Segment Start: SUPPLIED DATA

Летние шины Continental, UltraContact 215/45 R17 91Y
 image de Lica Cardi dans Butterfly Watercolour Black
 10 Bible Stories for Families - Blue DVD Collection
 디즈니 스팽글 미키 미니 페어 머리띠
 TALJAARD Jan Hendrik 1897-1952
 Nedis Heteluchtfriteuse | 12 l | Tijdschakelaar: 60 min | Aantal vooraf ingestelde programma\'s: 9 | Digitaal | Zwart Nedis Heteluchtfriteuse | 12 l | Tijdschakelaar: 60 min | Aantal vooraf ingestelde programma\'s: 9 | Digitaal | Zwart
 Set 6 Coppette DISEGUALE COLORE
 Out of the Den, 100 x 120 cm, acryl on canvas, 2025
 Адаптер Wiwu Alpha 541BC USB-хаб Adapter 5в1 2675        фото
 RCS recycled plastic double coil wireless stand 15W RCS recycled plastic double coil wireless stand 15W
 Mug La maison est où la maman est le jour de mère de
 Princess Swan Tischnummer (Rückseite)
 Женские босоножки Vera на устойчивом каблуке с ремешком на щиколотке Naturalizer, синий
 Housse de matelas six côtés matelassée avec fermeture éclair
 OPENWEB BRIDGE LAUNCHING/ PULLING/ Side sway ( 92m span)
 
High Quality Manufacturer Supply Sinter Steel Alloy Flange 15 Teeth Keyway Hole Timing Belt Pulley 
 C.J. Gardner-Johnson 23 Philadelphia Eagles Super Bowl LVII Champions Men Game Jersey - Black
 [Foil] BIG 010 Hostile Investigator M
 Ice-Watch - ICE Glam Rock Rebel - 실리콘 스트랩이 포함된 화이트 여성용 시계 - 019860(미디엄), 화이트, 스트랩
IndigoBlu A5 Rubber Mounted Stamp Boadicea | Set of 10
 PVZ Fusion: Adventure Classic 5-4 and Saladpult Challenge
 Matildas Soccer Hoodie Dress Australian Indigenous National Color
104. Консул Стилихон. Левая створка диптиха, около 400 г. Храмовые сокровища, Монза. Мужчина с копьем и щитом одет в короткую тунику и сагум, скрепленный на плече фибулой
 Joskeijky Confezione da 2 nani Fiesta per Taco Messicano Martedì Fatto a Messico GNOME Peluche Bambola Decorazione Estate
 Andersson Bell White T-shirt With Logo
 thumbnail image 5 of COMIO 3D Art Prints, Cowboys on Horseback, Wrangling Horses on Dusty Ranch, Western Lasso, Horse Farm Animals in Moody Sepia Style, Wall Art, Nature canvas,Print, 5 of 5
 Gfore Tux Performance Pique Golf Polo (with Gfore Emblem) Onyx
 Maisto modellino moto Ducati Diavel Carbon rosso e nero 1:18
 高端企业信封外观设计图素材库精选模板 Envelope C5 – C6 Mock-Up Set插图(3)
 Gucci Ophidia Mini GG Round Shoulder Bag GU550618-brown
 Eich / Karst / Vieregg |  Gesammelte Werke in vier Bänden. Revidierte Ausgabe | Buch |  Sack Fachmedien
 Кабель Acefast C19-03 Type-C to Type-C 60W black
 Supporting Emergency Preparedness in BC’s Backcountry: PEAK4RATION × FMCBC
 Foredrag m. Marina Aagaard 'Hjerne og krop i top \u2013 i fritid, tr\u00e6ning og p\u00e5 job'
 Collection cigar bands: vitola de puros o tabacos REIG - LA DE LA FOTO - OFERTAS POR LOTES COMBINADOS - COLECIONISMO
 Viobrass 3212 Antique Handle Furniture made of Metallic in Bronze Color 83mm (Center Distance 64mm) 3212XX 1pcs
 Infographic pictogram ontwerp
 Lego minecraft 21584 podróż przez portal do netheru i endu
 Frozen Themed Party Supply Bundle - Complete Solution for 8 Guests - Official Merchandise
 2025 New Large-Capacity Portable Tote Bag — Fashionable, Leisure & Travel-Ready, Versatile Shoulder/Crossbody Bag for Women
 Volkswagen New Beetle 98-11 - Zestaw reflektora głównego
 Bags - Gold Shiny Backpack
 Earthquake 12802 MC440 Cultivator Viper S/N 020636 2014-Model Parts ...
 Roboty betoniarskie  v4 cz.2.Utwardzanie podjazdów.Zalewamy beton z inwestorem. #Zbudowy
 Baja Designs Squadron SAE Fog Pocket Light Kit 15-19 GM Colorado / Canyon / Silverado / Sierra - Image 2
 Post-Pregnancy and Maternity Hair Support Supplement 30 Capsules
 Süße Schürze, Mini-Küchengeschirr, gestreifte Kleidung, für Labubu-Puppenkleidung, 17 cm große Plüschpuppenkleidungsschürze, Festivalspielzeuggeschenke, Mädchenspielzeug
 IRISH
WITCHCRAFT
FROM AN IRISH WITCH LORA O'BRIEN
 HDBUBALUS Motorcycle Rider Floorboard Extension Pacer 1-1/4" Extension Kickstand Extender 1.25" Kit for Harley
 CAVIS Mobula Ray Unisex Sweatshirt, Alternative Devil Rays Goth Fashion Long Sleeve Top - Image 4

Segment End: SUPPLIED DATA

AIM OF THE TASK
Only lines with the word "canvas" are wanted; pull each of them from the records.

WRITTEN SOLUTION
 Out of the Den, 100 x 120 cm, acryl on canvas, 2025
 thumbnail image 5 of COMIO 3D Art Prints, Cowboys on Horseback, Wrangling Horses on Dusty Ranch, Western Lasso, Horse Farm Animals in Moody Sepia Style, Wall Art, Nature canvas,Print, 5 of 5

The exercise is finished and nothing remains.